An example of an application with dubious security history is Zoom: To my knowledge they're the only 3rd party software vendor who has managed that their software was removed by the operating system vendor during a security upgrade because of their lax security. They were installing an application that allowed any malicious website to enable your camera and spy on you. But they didn't learn much from it, later they were caught uploading your user data to Facebook even if you did not have a Facebook account. With that security and privacy record one cannot advocate the use of that application.
Now doing audio or videoconferencing with more than two participants usually involves unencrypted/clear voice or video at the server. Even if you connect via https and your audio and/or video stream is encrypted, it is unpacked at the server and re-encrypted to the other participants of the conference. The reason is that doing otherwise, each participant would have to send streams that are encrypted for each other participant. A simple implementation would involve that the number of streams grows quadratically with the number of participants. A more sophisticated implementation would encrypt the stream for each participant in the conference. The latter makes leaving/joining of conferences hard and is not supported by the usual secure protocols used for audio and video encryption (so keys would have to be exchanged in a separate channel). This is technically the reason why most videoconferencing applications have non-encrypted (cleartext) audio and video on the server. So it is easy for the server operator to monitor everything. Jitsi-Meet is no different: We have cleartext on the server. But the good news is that you can host the server yourself.
On the Jitsi-Meet Webpage you can find instructions to point the installation paths of your Debian or Ubuntu based Linux installation to the Jitsi-Meet repository. That way you can install Jitsi-Meet with the usual apt-get install jitsi-meet.

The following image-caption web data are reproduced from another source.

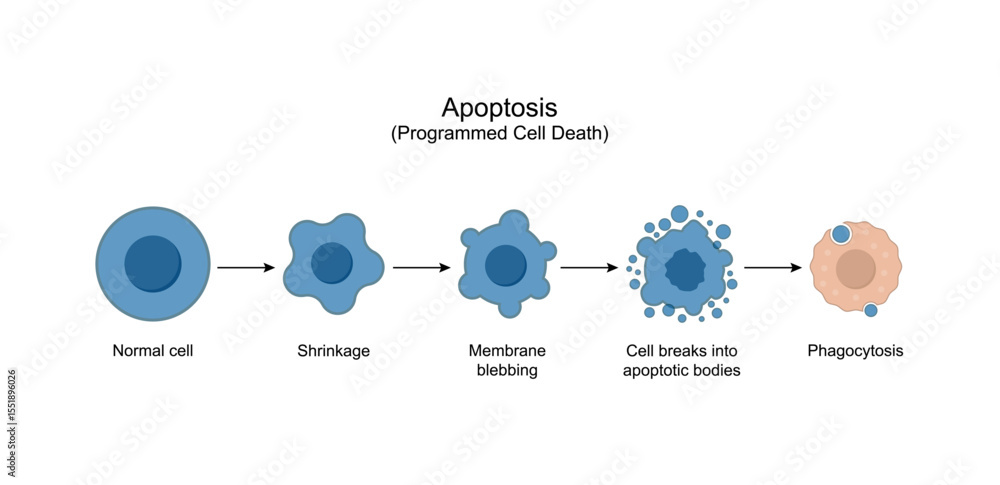 Apoptosis. Programmed cell death. Aging process in cells. Stages of ...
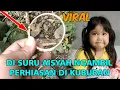 Lagu VIRAL !! DI SURUH AISYAH ANAK INDIGO MENGAMBIL PERHIASAN DI KUBURAN YANG BERLOBANG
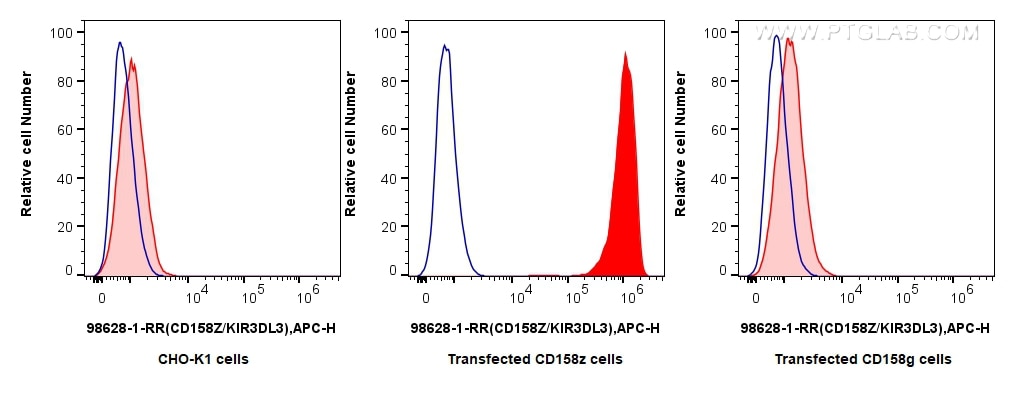 1x10^6 Transfected CHO-K1 or Transfected CD158z or Transfected CD158g were surface stained with 0.25 ug Anti-Human CD158Z/KIR3DL3 Rabbit RecAb (98628-1-RR, Clone:250254F12) (red), or Rabbit IgG Isotype Control RecAb (98136-1-RR, Clone: 240953C9) (blue) and APC-Conjugated Goat Anti-Rabbit IgG(H+L). Cells were fixed and permeabilized with Intracellular Flow Cytometry Fixation & Permeabilization Buffer Kit (PF00019). Flow cytometry (FC) experiment of Transfected CHO-K1 using Anti-Human CD158Z/KIR3DL3 Rabbit Recombinant Antib (98628-1-RR)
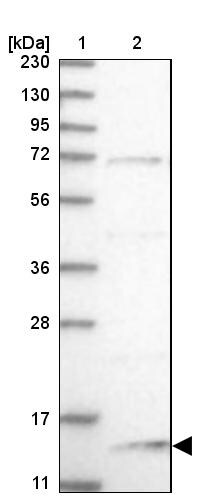 NHP2L1 Antibody - BSA Free Western Blot: NHP2L1 Antibody - BSA Free [NBP1-89406]
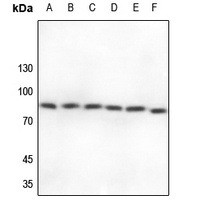 CUL2 antibody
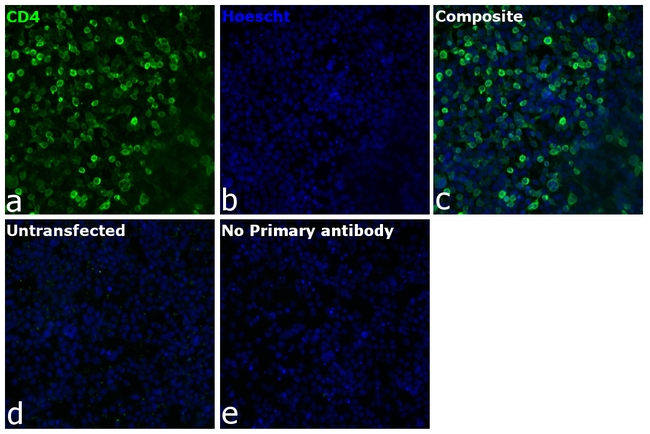 CD4 Antibody in Immunocytochemistry (ICC/IF)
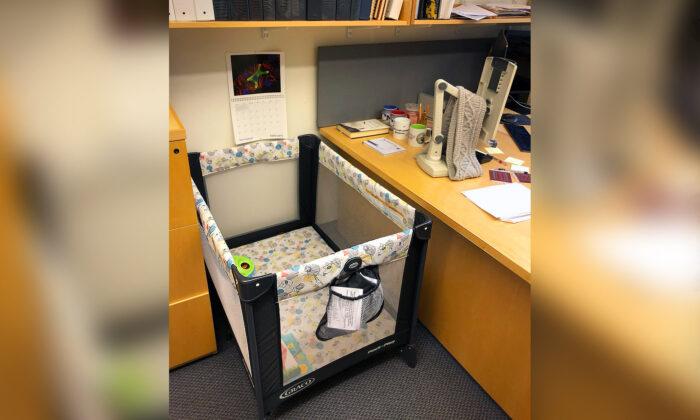 College Professor Posts Photo of New ‘Lab Equipment’ for Grad Student With New Baby—and It Goes Viral
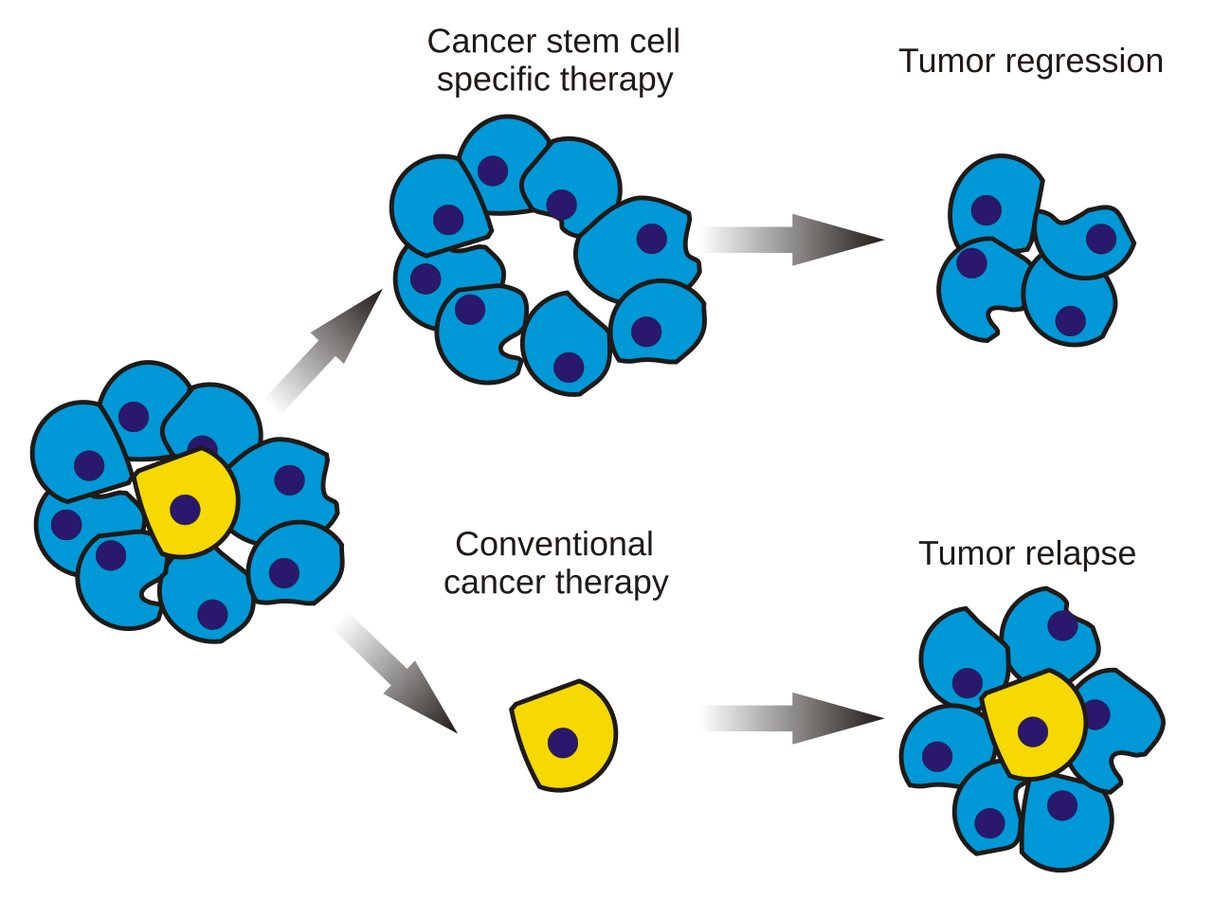 Cancer stem cells have an “energy addiction” scientists may be able to exploit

Once that is done, the resulting Jitsi-Meet installation allows anyone to create new conferences. For most installations this is not what you want. There are instructions on the Jitsi-Meet github pages to allow only moderators to create new conferences.
Note that the guest-domain, guest.jitsi-meet.example.com in the example, needs not be in the DNS, it's just used internally for all non-authenticated users.
With the resulting server, you can host your own video conferences. There is, however, a problem with the Firefox browser interacting badly with the Jitsi-Meet implementation. The details are documented in a Jitsi-Meet bug-tracker ticket. The effect is that audio and video becomes flakey, not just for the Firefox users, but for all participants in the conference when a single Firefox user is present. For this reason it's a good idea to not allow Firefox browsers into the conference until this issue is fixed. If you want this you can edit the file /usr/share/jitsi-meet/interface_config.js in the Jitsi-Meet installation. There are two config-items, one named OPTIMAL_BROWSERS includes firefox by default. Another named UNSUPPORTED_BROWSERS is empty by default. To exclude firefox, move the firefox entry from OPTIMAL_BROWSERS to UNSUPPORTED_BROWSERS.
With this setup I have now a running conference server where I don't have to trust dubious online offerings with doubtful security and privacy practices.